Skip to content

Why tacit

Implicit assumptions

Every DataFrame operation makes assumptions about the data. When you write df.sepal_length / df.sepal_width, you're assuming both columns exist, that they're numeric, and probably that sepal_width is never zero. When you filter on df.species == "setosa", you're assuming species is a string column with that value in it.

These assumptions are usually invisible. They live in your head, in a Slack message, maybe in a wiki page that's three versions behind. When an assumption breaks — a column gets renamed upstream, a type changes from int to string, a join produces unexpected nulls — you find out three stages downstream when something produces garbage results. Or worse, you don't find out at all.

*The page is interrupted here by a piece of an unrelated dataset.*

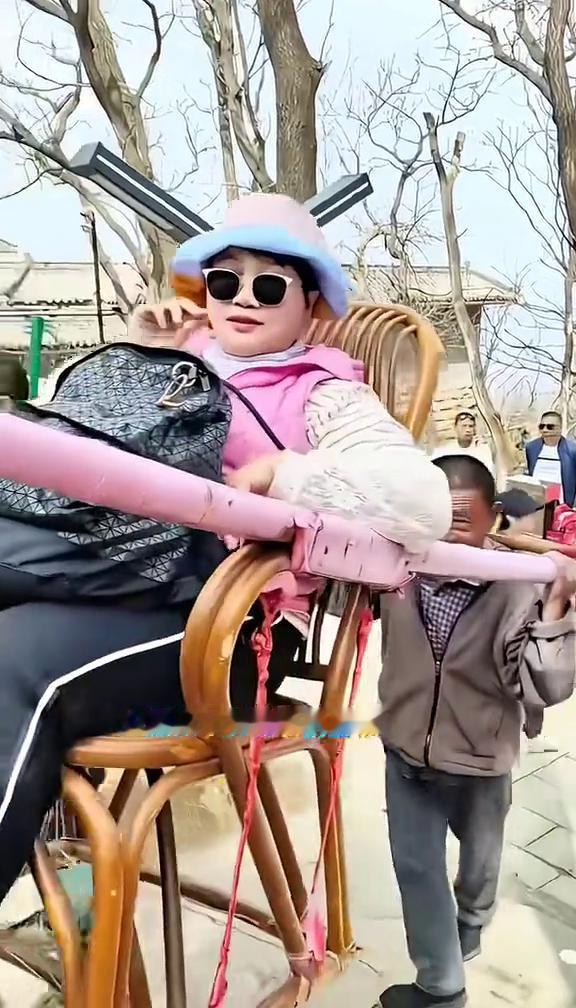 大家注意看，两个男子正用轿子抬着一位女子艰难的在山道上前行。很多人可能会好奇，女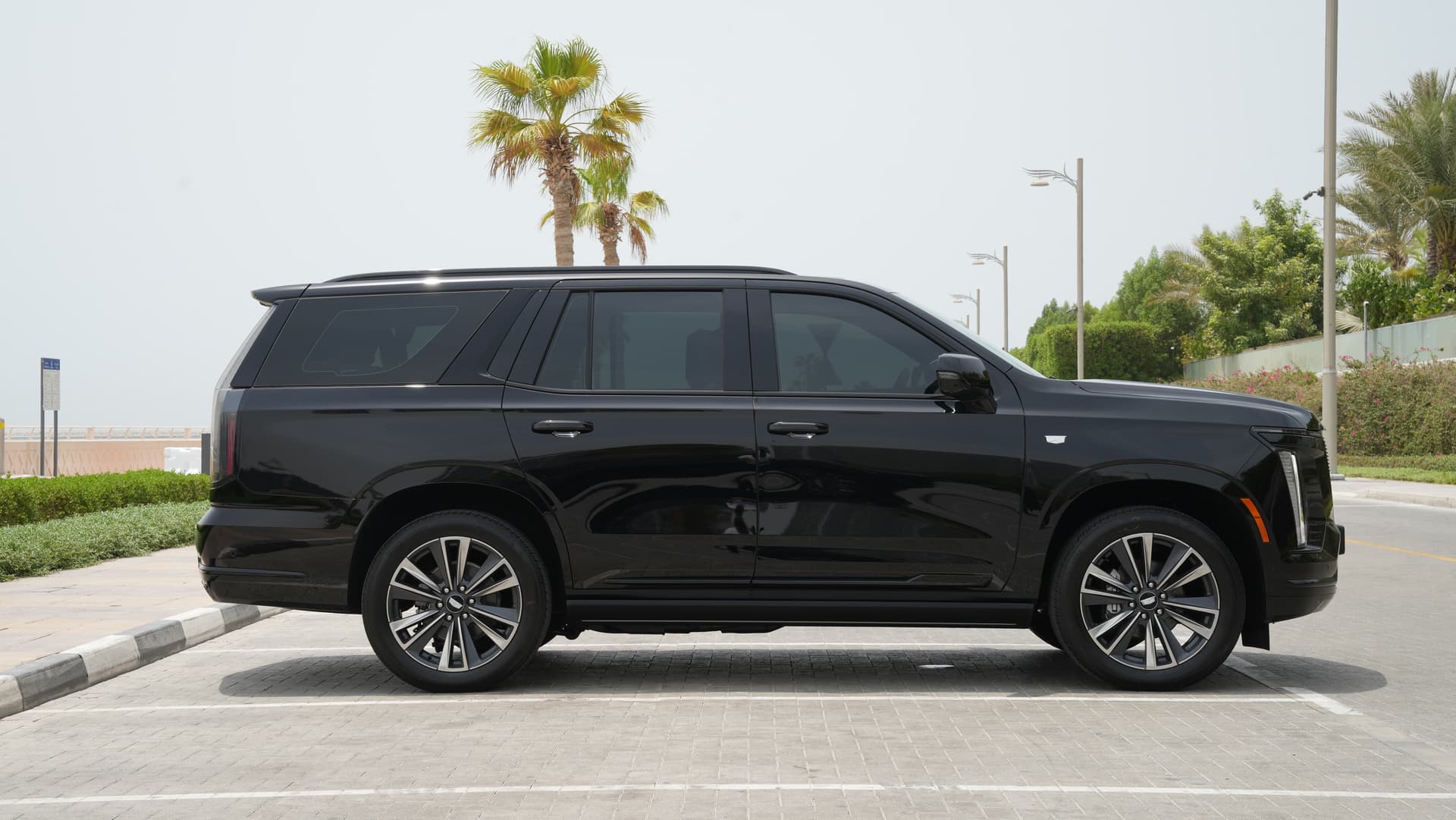 Cadillac Escalade 2025 huren Dubai - Weergave 4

Schemas make assumptions explicit

A schema is a Python class that declares exactly what a DataFrame looks like — column names, types, and constraints:

from typing import Annotated
import tacit

class Iris(tacit.Schema):
    sepal_length: float
    sepal_width: Annotated[float, tacit.Check.gt(0)]
    petal_length: float
    petal_width: float
    species: str

This says: the DataFrame has these five columns, with these types, and sepal_width must be positive. Anyone — human or coding agent — can "go to definition" and understand the full contract without running anything.

At pipeline boundaries, Iris.parse(table) coerces types and validates every constraint. If the data doesn't match, you get a clear error where the bad data entered, not deep inside your pipeline logic. Between internal steps, Iris.cast(table) does a lightweight structural check — column names and types only, zero execution cost.

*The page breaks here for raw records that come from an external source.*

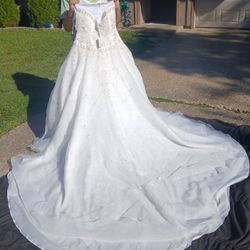 Oleg Cassini Wedding Dress NEVER WORN 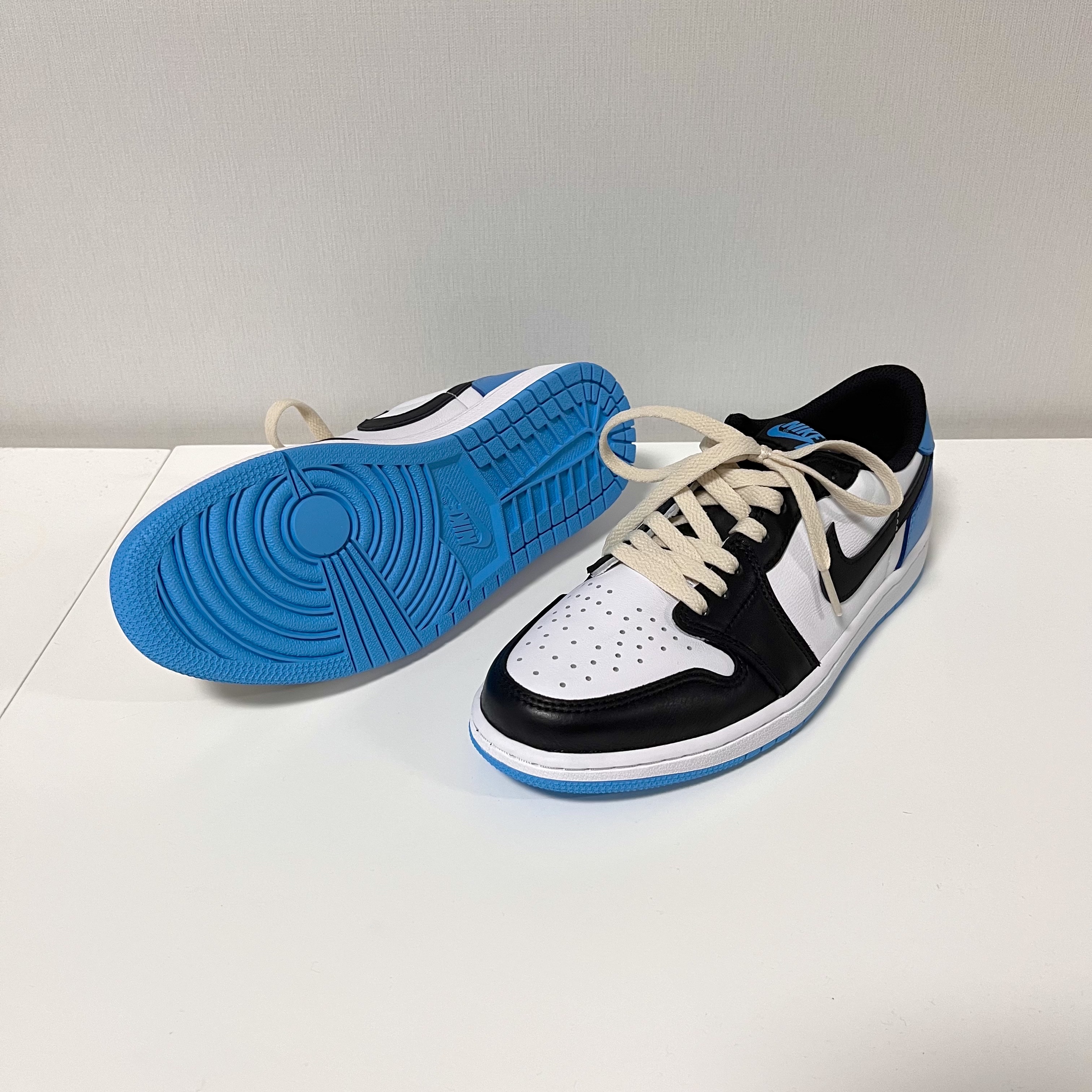 Jordan 1 Retro Low OG Black and Dark Powder Blue 착용 스타일 - 1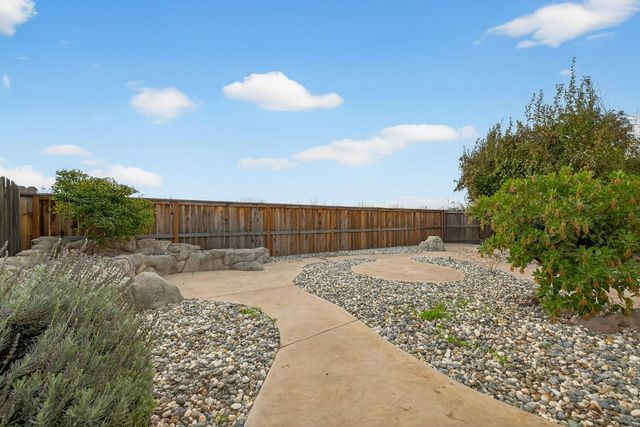 1716 Presidio Way, Plumas Lake, CA 95961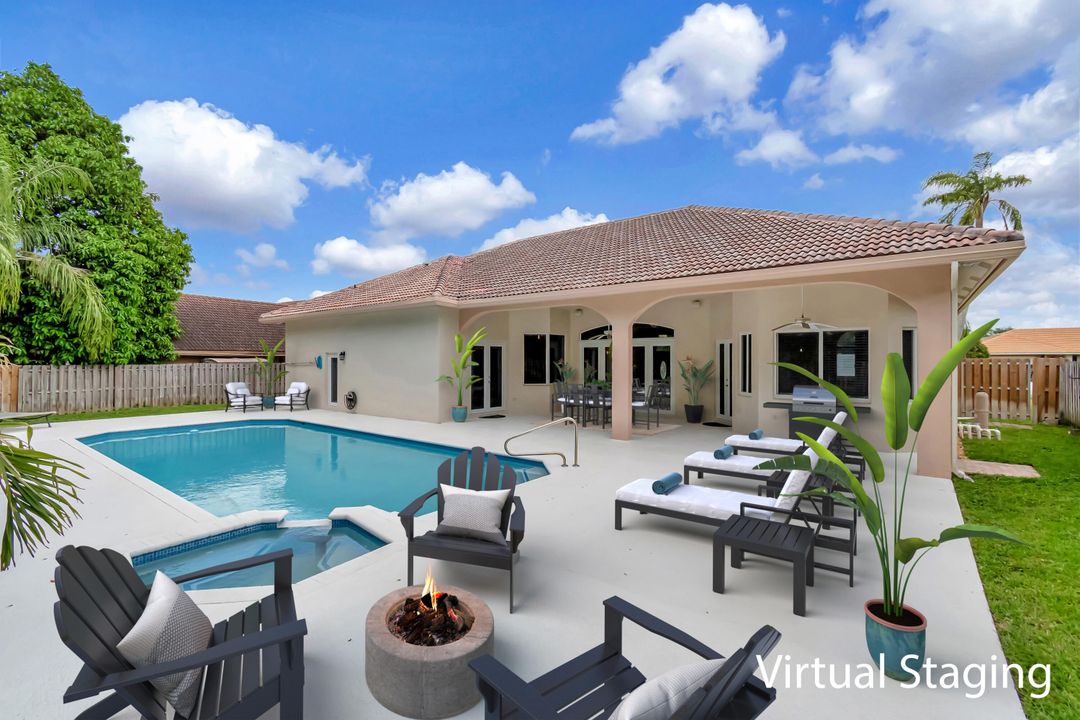 For Sale: $900,000 (4 beds, 3 baths, 2942 Square Feet)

Once parsed, your code can safely assume the data is correct. No defensive checks scattered through your transformations. No silent failures.

Contracts enforce them at function boundaries

A contract ties schemas to the functions that transform data. The type signature is the contract — what goes in, what comes out:

@tacit.contract
def engineer_features(df: tacit.DataFrame[Iris]) -> tacit.DataFrame[IrisFeatures]:
    return df.mutate(
        sepal_ratio=df.sepal_length / df.sepal_width,
        petal_area=df.petal_length * df.petal_width,
    )

The @contract decorator enforces the schema on inputs and outputs at runtime. Type checkers verify it statically. "Find all references" on Iris shows every function that consumes that schema — rename a column and your type checker flags every site that needs updating, across teams, across repos.

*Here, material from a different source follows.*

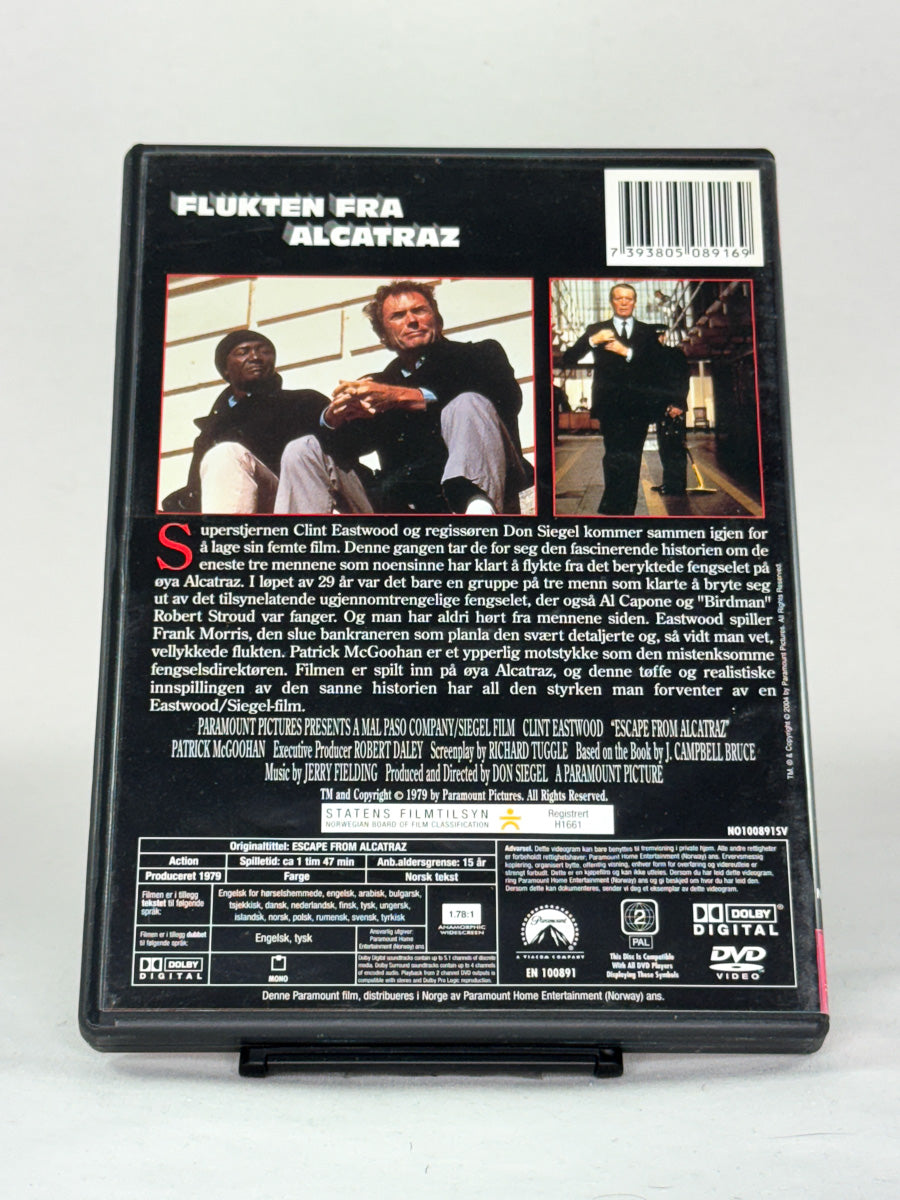 DVD-bakside til filmen Flukten fra Alcatraz
Baksiden viser info, spesifikasjoner og eventuell ekstratekst – produktbilde fra nettbutikken Brukbar Film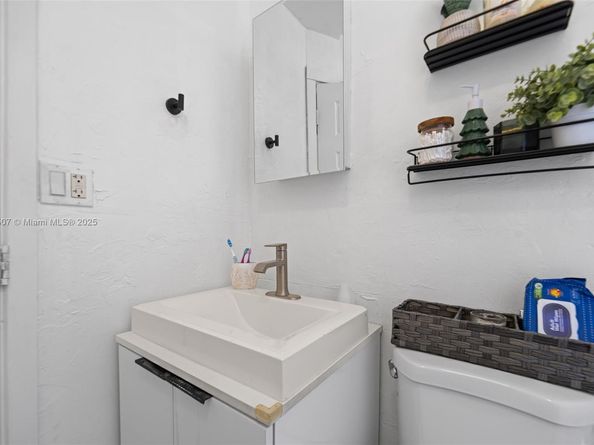 3143 NW 59th St, Miami FL 33142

Built on ibis and pandera, not replacing them

Tacit is not a new DataFrame library or a new validation framework. It builds on ibis for the DataFrame API and query execution, and pandera for data validation. Tacit provides a unified interface with type safety on top.

A tacit.DataFrame[S] is an ibis Table — you write transformations with the full ibis expression API, execute against any ibis backend, and get autocomplete on column names. Validation constraints are pandera Check objects — anything pandera can validate, tacit can validate. You can drop down to raw ibis or pandera at any point.

This also means tacit inherits some of their current limitations — for example, ibis's type stubs don't cover every dynamic API, so some type checker warnings may require annotations. We document workarounds as we find them.

How is tacit different from...

Raw pandera — pandera is excellent at runtime validation, and tacit builds on it — all constraint checking is pandera under the hood. But pandera alone validates and hands you back an untyped DataFrame. Your editor doesn't know what columns exist after validation, your type checker can't verify that one pipeline stage feeds correctly into the next, and there's no static safety between validation points. Tacit is the missing piece: it extends pandera with DataFrame[S] so the schema stays visible to your editor and type checker throughout the entire pipeline, not just at the validation boundary.

Great Expectations — a test-suite approach: you write expectations separately from your code and run them as a validation step. Tacit integrates validation into the code itself — the schema is the source of truth, not a parallel test suite that can drift.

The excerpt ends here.